Formerly at Epinions.com, written and originally posted in 2003.
I'm not entirely sure what it is, maybe a haunting quality brought on by the film's background, but I keep coming back to this film and it moves me like few others do, every single time. Some regard it as a deconstruction of the western myth, stripping it of all its glory, and I can see that, but it's a whole lot more to me. It’s simply a fantastic, sad film.
Not so much a plot-driven film, as a character-driven film it stars Clark Gable and Eli Wallach (especially good in a character I can, sadly, probably identify with in some ways) as a couple of cowboys; Gable is an aging macho-type who is slowly realising the world has little use now for 'mustanging' (if you like cute widdle horsies, you’d best not watch the film, by the way- you’ve been warned!), while Eli Wallach plays his pilot friend, a widow who feels just a little too sorry for himself for anyone to actually like him. Enter Roslyn (Marilyn Monroe) a depressed divorcee whom attracts the attention and affections of both men, as she joins them on their adventures, despite the fact that she's clearly not a happy gal. Along the way they pick up another lost soul in disfigured young rodeo star Montgomery Clift (disfigured in real-life) who is having mother problems (as he apparently did in real-life). He has a scene with Monroe, two lost souls comforting each other that is among the most moving scenes I've ever seen in a film. Another great moment is a scene where Gable asks Monroe something to the effect of 'What makes you so sad?'. Oh, if only someone had've told Monroe how wonderful and talented she was...Or perhaps she just didn’t want to listen.

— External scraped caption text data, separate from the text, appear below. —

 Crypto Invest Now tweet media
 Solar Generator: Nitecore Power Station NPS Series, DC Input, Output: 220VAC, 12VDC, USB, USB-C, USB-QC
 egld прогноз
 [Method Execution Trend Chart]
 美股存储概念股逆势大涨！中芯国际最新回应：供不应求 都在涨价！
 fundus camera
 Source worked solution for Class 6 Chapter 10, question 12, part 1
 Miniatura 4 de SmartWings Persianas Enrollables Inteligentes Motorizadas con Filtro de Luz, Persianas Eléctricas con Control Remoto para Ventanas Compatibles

The fact that this was the last completed work of Hollywood legends (a good-bye to that golden era, perhaps) Monroe and Gable, and the near-last film of the unfortunate but supremely talented Montgomery Clift adds an extra haunting layer to this film, but the stark cinematography by Russell Metty (making everyone look flawed, even Monroe who is still astoundingly beautiful) and layered screenplay by Arthur Miller are also great. Miller does especially underappreciated work here, underappreciated even by Monroe herself who didn't understand that her flawed and close-to-the-bone character was actually a valentine from Miller. He knew Monroe could play this beautiful but vulnerable girl that everyone wants to be close to, if only to make them feel happy about themselves- it practically was Monroe. Similarly, Gable's character probably symbolised the trek he was currently going through in his career, and although far from my favourite actor, he is excellent here, leathery face and all. Eli Wallach, a method actor like Monroe, butted heads with Gable apparently, but does some of his best work as a not very likeable, but identifiable man. Add to the mix Clift's scarred rodeo dude and Thelma Ritter as the only optimistic character in the film, that of Monroe's friendly landlord who's seen it all and is content, and you've got a film where all the elements just come together perfectly. All of the actors perfectly match their characters and bring something extra to the party. I doubt this could ever be achieved again so successfully. Not that people thought that at first, even Gable was unsure what kind of film they were making, because it was against everything the Western, and a lot of films in general, stood for.
This film still doesn't get the recognition it deserves. It is my favourite film of all-time, and it is certainly a must for fans of any of these actors.